There remains some issues pertaining to research with regards to topic of research. It has been seen that major funding in research is spent on less common health related problems. There is no document made for the funding agencies regarding funding on more common public health issues which remains a social value for any research. Also, we need to have curriculum and its appropriate dissemination for Research ethics education [14].

Clinical research has undoubtedly contributed to advancement of medical science. The practice of medicine and research without Ethical principles can turn into worst form of crime. If the basic moral principles are kept in mind for the conduct of research, ethical dilemmas are unlikely to arise. Just as what was engraved in the theory of ‘primum non nocere’ ages back, intentional harm should never be inflicted. Ethical misconduct is not pardonable in research ethics as much as it is in routine clinical practice. We as physicians should strive for protection of research subjects from any involved risk while maximizing the benefits. Knowledge of the ethical principles and adherence to the high standards of professional conduct will go a long way in promoting quality medical research.

References

  1. Beauchamp TL, Childress JF (2001) Principles of Biomedical Ethics. J Med Ethics 28(5): 454.
  2. Nuremberg Code: Trials of war criminals before the Nuremberg Military Tribunals under council Law 2(10). US Government Printing office, Washington DC, USA, pp. 181-182.

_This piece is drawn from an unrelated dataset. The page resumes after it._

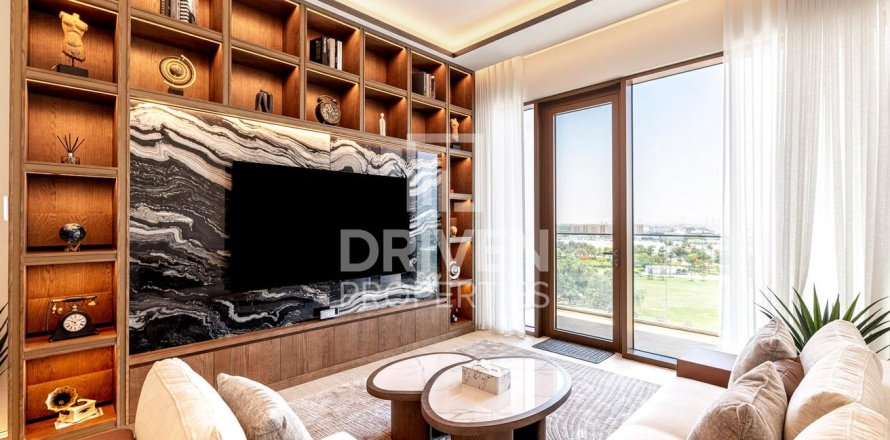 Appartement de 1 chambre à Al Wasl, UAE No. 84784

  3. WMA (1979) Declaration of Helsinki-Ethical Principles for Medical research involving Human Subjects. World Medical Association, Washington DC, USA.
  4. The Belmont Report (1979) Ethical Principles and Guidelines for the protection of human subjects of research. US Department of Health & Human Services, Washington DC, USA.

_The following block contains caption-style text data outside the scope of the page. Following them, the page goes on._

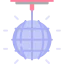 Disco ball icon 64x64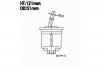 JS ASAKASHI FS3203 Фильтр топливный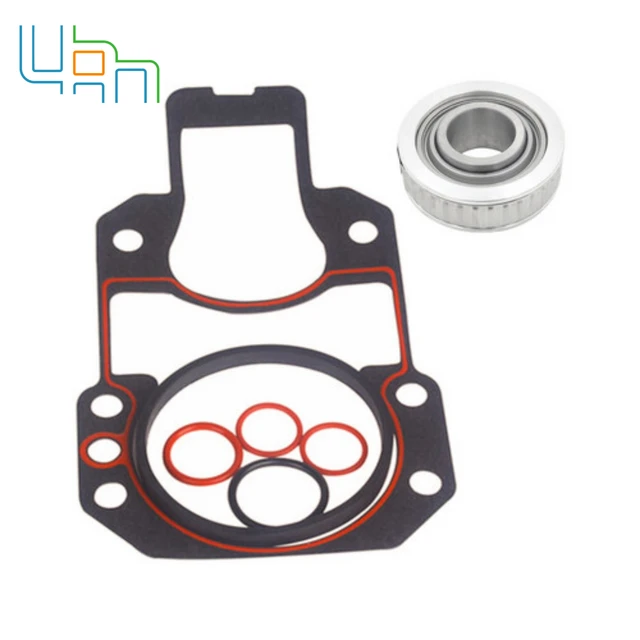 Mercruiser Alpha One Gen Drive Shaft Seal Replacement Wide Varieties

  5. Indian Council of Medical Research (2006) Ethical Guidelines for Biomedical Research on Human Subjects. New Delhi, India.

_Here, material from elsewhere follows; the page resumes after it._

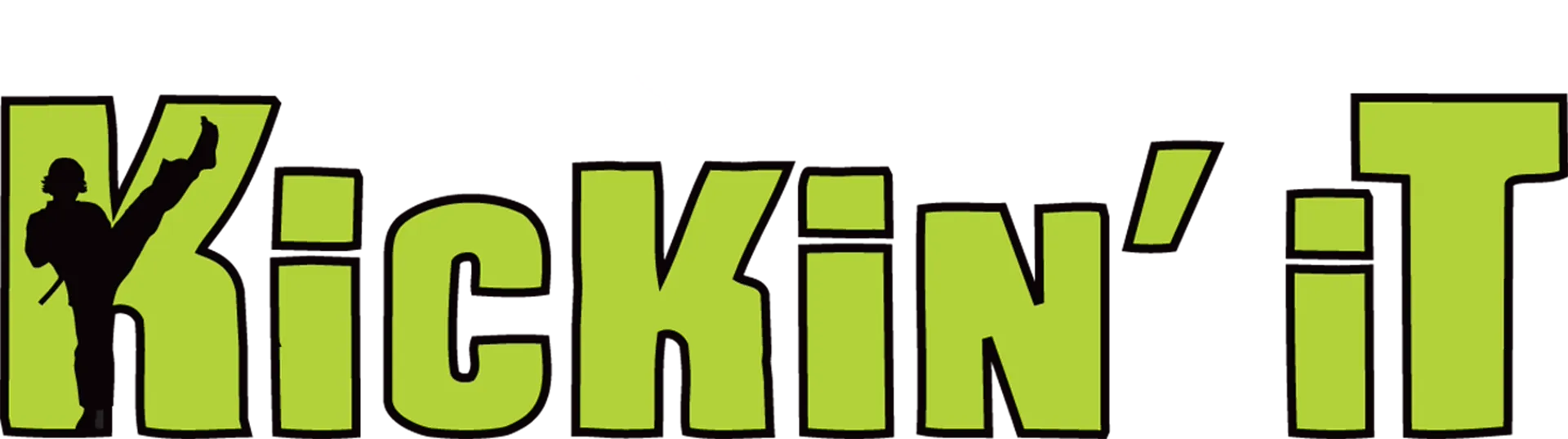 Kickin' It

  6. World Health Organization (2000) Operational Guidelines for Ethics committees that Review Biomedical Research. World health organization, Geneva, Switzerland, p. 39.
  7. Kher S (2007) Informed consent process: protecting subjects rights. In: Gupta SK (Ed.), Basic Principles of Clinical Research and Methodology. (1st edn), Jaypee Brothers, New Delhi, India, pp. 93-105.
  8. Lidz CW, Appelbaum PS (2002) The Therapeutic misconception: Problems and Solutions. Med Care 40(9 Suppl): V55-V63.
  9. Van Norman GA, Rosenbaum SH (2010) Ethical aspects of anesthesia care. In: Miller RD et al. (Eds.), In Miller’s Anaesthesia (7th edn), Churchill Livingstone Elsevier, Philadelphia, USA, pp. 209-219.
  10. Heather Draper, Wendy Scott (2003) Ethics in Anaesthesia and Intensive care; Butterworths and Heinemann.
  11. Wendler D, Miller FG (2004) Deception in the pusuit of science. Arch Intern Med 164(6): 597-600.
  12. Howick J (2009) Questioning the mehodologic superiority of ‘placebo’ over ‘active’ controlled trials. Am J Bioeth 9(9): 34-48.
  13. Waisel DB (2010) Legal aspects of anesthesia care. In: Miller RD et al. (Eds.), Miller’s Anaesthesia (7th edn) Churchill Livingstone Elsevier, Philadelphia, USA, pp. 221-232.
  14. Millum J, Sina B, Glass R (2015) International Research Ethics Education. JAMA 313(5): 461-462.